El providencialismo de Pinochet, convencido de que una mano divina le ha colocado al frente de los destinos de Chile, no hace ganar un peso a nadie. Los camioneros y pequeños comerciantes, que acabaron con Allende, ayer, están hoy contra él; otrosí, los obreros del cobre; las clases medias, brevemente privilegiadas por el consumo monetarista, han visto derrumbarse sus presupuestos mensuales; el proletariado de las poblaciones ha devenido en lumpen; la oligarquía financiera ha quebrado. Ya en Chile, en suma, no se puede ganar dinero; sólo queda pagar las deudas de esta aventura. La Iglesia es abiertamente hostil en su base y discrepante en su jerarquía. La Embajada norteamericana retira suavemente su apoyo. Sólo un ejército prusianizado hasta extremos que habrían complacido a Federico el Grande se mantiene detrás del actual inquilino de La Moneda.

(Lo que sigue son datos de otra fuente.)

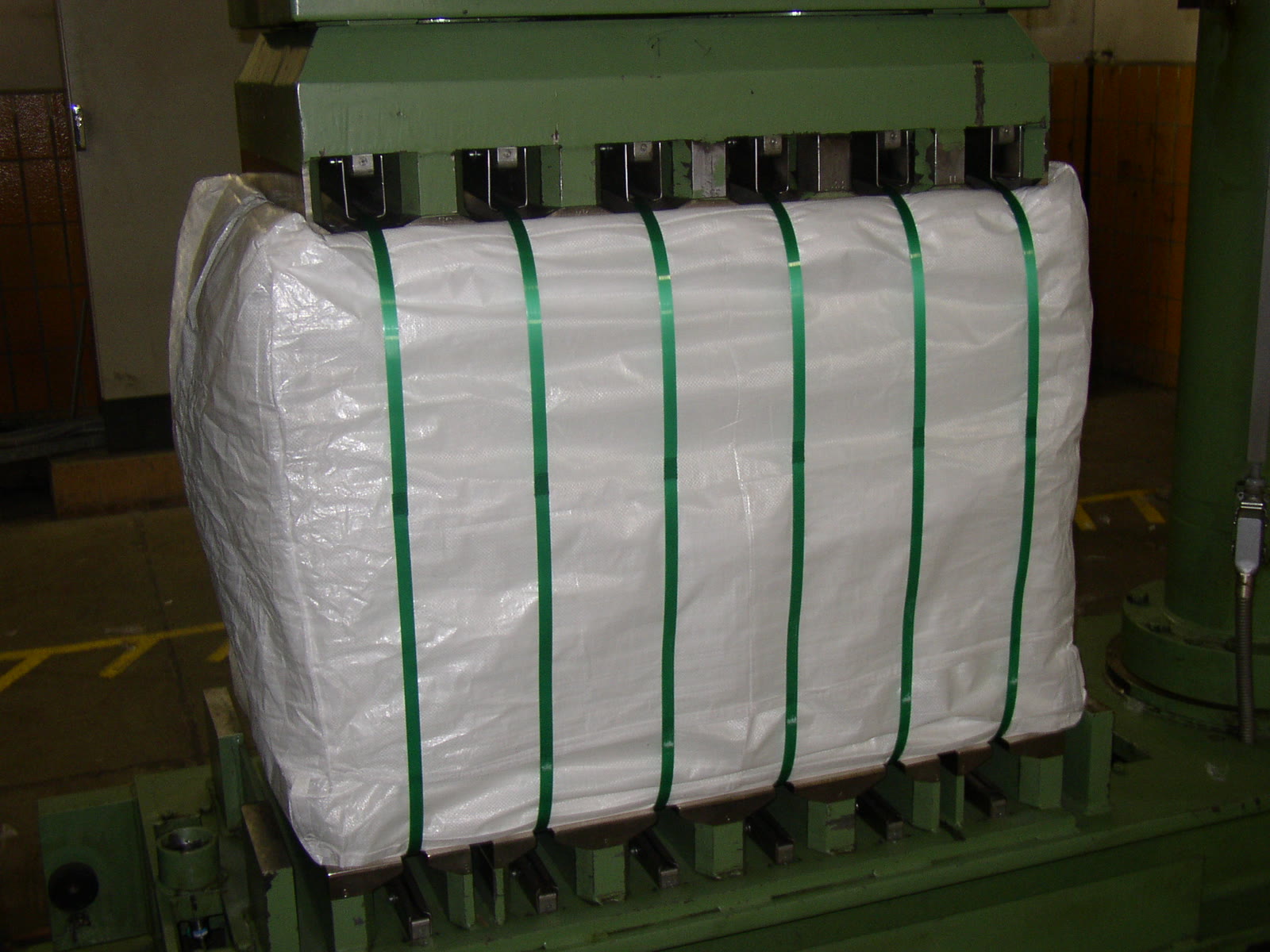 White woven bale cover strapped over a finished bale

Acaso la principal característica del derrumbamiento en cámara lenta del régimen de Pinochet haya que cifrarla en lo poco que tiene que ver con las transformaciones políticas que se están produciendo en el Cono Sur. Es un caso individualizado. Nada tiene que ver con los procesos políticos por los que atraviesan Brasil o Argentina. Cabría afirmar que el régimen chileno se derrumba pese a la crisis de sus homólogos vecinos. La exigencia de responsabilidades a los militares argentinos podría hacer retrasar la entrega del poder por los militares chilenos; y la crecida de la protesta obrera en Brasil también puede estar haciéndolos pensar. Pero la descomposición. de un régimen personalista y no institucionalizado sigue apareciendo como imparable, al margen de la suerte de los Vecinos. Por otra parte, la oposición de la Multipartidaria y de los sindicatos, dirigidos por la Democracia Cristiana, está resultando endemoniadamente eficaz y brillante: el hegemonismo de la DIC en la protesta, pactado con los partidos de izquierda, ha desmontado la tesis de que Pinochet es una víctima del comunismo internacional. Y el obsesivo golpeteo de una protesta por mes descalifica a cualquier Administración.

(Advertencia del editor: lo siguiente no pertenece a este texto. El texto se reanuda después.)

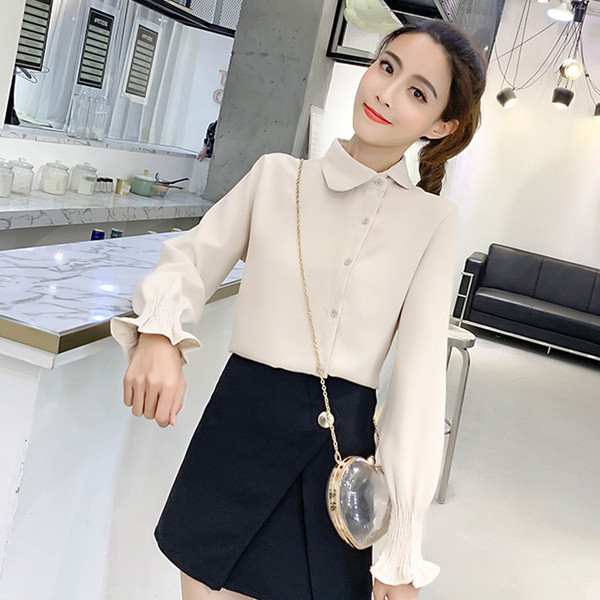 Elegáns női ing oldalsó rögzítéssel, kék és fehér színben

El drama de los chilenos es que Pinochet se ha encerrado en un bunker, pero en un bunker real, y no sólo ideológico. En un bunker que asoma por sus troneras el asesinato de ciudadanos en las calles y el toque de queda para reprimir manifestaciones de descontento que decididamente se quieren pacíficas. Y dentro de dos meses, mediando otra protesta la del 11 de agosto-, se abocará a una fecha, el 11 de septiembre, décimo aniversario del golpe de Estado, en la que el cacerolazo podría ser reprimido en los arrabales de Santiago y Valparaíso con algo más que un toque de queda a las ocho de la tarde. En Chile se viven vísperas de cambios, y sólo se teme que el aislamiento y el alejamiento de la realidad de un solo hombre y de su familia hagan venir vísperas de sangre.